Weiterhin kritisiert sie, dass eine Fluchtzeit von drei Wochen oder weniger eigentlich utopisch sei. Schlepper organisieren die ersten Etappen der Flucht, fast nie gibt es Zeitpläne und man kommt nur Stück für Stück weiter. Die meisten Flüchtlinge bräuchten zwischen drei und sechs Monaten für ihre Flucht.

Über die mehr oder weniger Prominente Besetzung der Sendung will sich Siewert nicht direkt beschweren. Einzig der Konflikt zwischen Ex-Nazi Kevin Müller und der Streetworkerin Songül Cetinkaya wäre zum Teil anstrengend und habe die wirklich wichtigen Dinge etwas in den Hintergrund gedrängt.

Die Zeit schreibt, sie wolle das ZDF wegen dieser Reality-Show nahen Auslegung des Formats den Sender nicht mit RTL vergleichen. Vielleicht wäre es in diesem Fall aber gar nicht schlecht, sagt Siewert: Sie erinnert sich an die Sendung „Das Jenke-Experiment“ auf RTL. In einer Folge begab sich Jenke von Wilmsdorff auf ein Flüchtlingsschiff, dessen Ziel die berühmt berüchtigte Flüchtlingsinsel Lampedusa war. Der Reporter hatte sich damals in eine reale Gefahr von Flüchtlingen begeben: Bei Schiffsuntergänge auf der Route sterben immer wieder hunderte Flüchtlinge.
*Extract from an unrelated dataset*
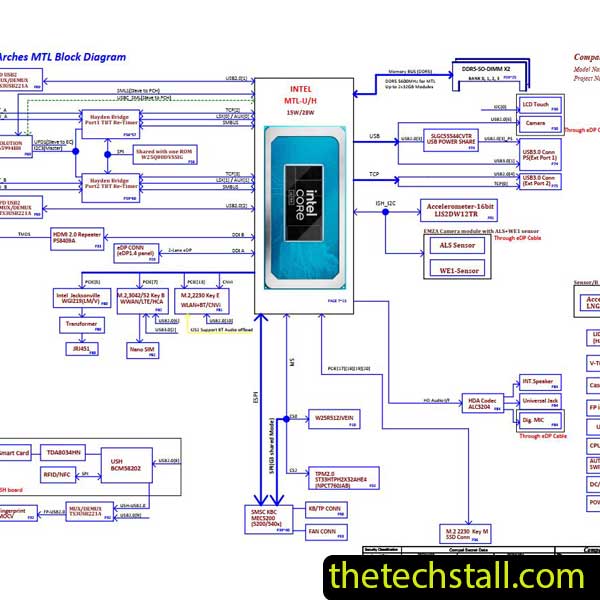 Dell latitude 5450 JDB41 LA-N381P Schematic Diagram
Das Fazit von Annette Siewert: Die Sendung ist gut um sich erste Eindrücke von der Situation der Flüchtlinge zu machen. Besonders in Deutschland steige die Ablehnung in der Bevölkerung gegenüber Flüchtlingen. Was gibt es also besseres als einen Ex-Nazi oder eine die Thilo Sarrazin Anhängerin Karin Weiland die Situation von Füchtlingen am eigenen Leib erfahren zu lassen? Siewert und viele ihrer Kollegen werden die Sendung auch weiterhin verfolgen. Die erste Folge hat sie neugierig gemacht: Bleibt das ZDF realitätsnah oder wird sich zunehmend auf die Konflikte der Kanditaten konzentriert? Die minderjährigen Flüchtlinge, welche die Einrichtung betreut, werden die Sendung nicht sehen. Viele von ihnen sind zu traumatisiert. Die Geschehnisse von „Auf der Flucht“ waren für sie leider kein Experiment.